You'll need a flashlight or better yet, a head lamp to see the tracks.


----------



## blk88verde (Apr 30, 2011)

My drivers seat would not move. Had a pen fall out my pocket and jammed the track.


----------



## NickD (Dec 10, 2011)

Not too complicated, lift the lever, releases the catch in the track then move it back or forth. So what's not happening?
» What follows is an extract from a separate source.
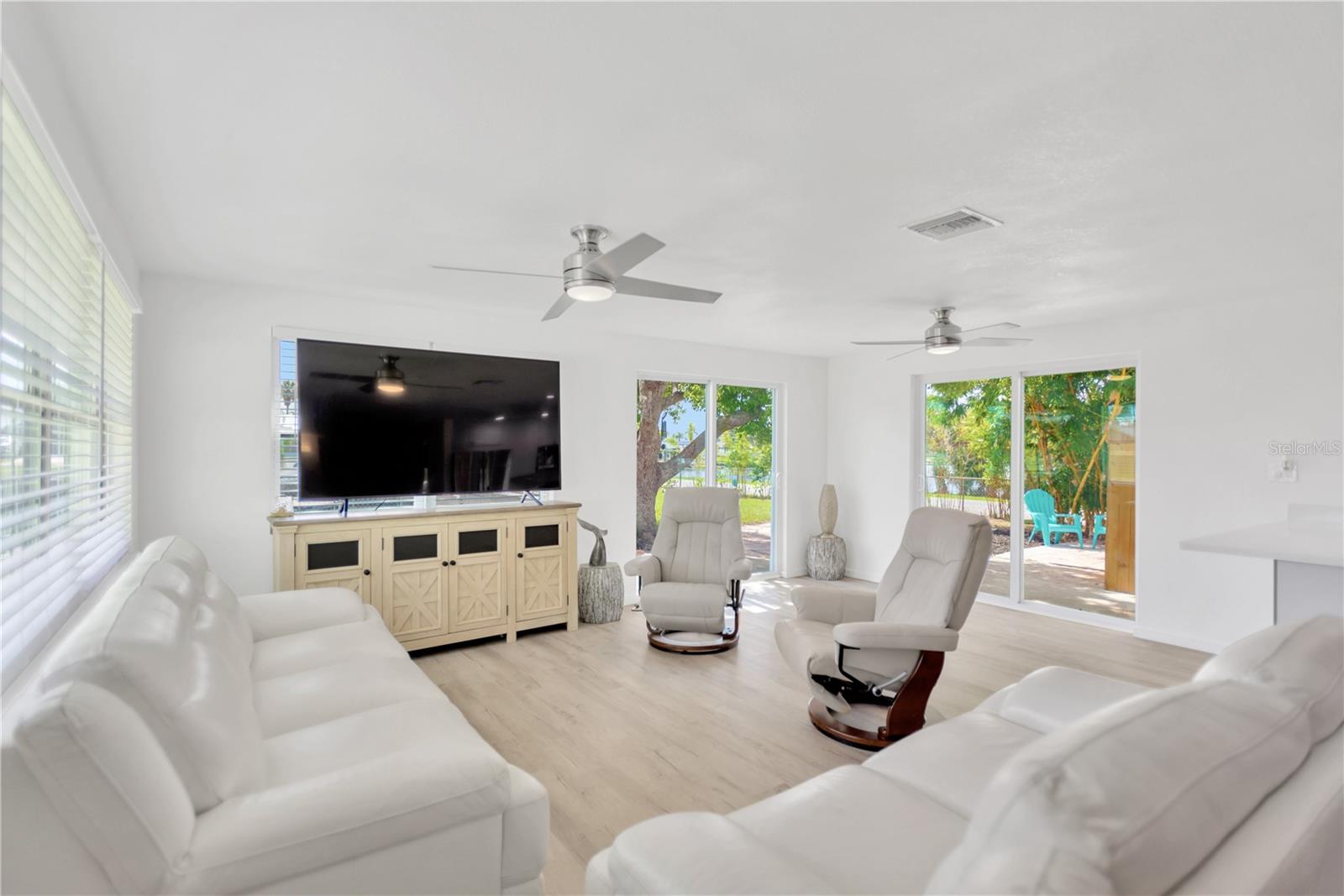 13724 COX AVE — photo 13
Some possibilities, that lever has a long sheet metal extension on it, if someone bent it up, couldn't release it high enough to release the catch. Also a long rod on this lever that leads to the right side with another tacked on piece of sheet metal to release the catch on that side. Looking tells a lot, catches are spring loaded, broken spring? Ha, just look, flashlight and eyes is all you need.


----------



## spacedout (Dec 7, 2010)

Haven't looked at how the cruze works, but on a previous car have had the spring disconnect from the lever so when you moved the lever it didn't do anything.


----------



## NickD (Dec 10, 2011)

Are we talking about the seat back or the entire seat?


----------



## peggyfindit (Oct 18, 2015)

its the passanger side, and it looks to be in order. the arms go up on both sides, but it just wont' move. I've checked for obstacles, nothing


----------



## obermd (Mar 3, 2012)

The passenger seat forward/back motion is very simple. Using the seat height adjustment to raise the seat all the way. Then while you're looking under from the back of the seat have someone operate the lever in the front of the seat. What do you see happening? It's either a blocked track or a problem with the release catch.


----------



## NickD (Dec 10, 2011)

Guess work, bottom handle on left side of the passenger seat pulls, up. If someone pulled up on it too hard, could bend that tin arm that goes back to the release levers. If so, can't raise the handle high enough to release it.

Solution to this problem, bend that arm back down again.


----------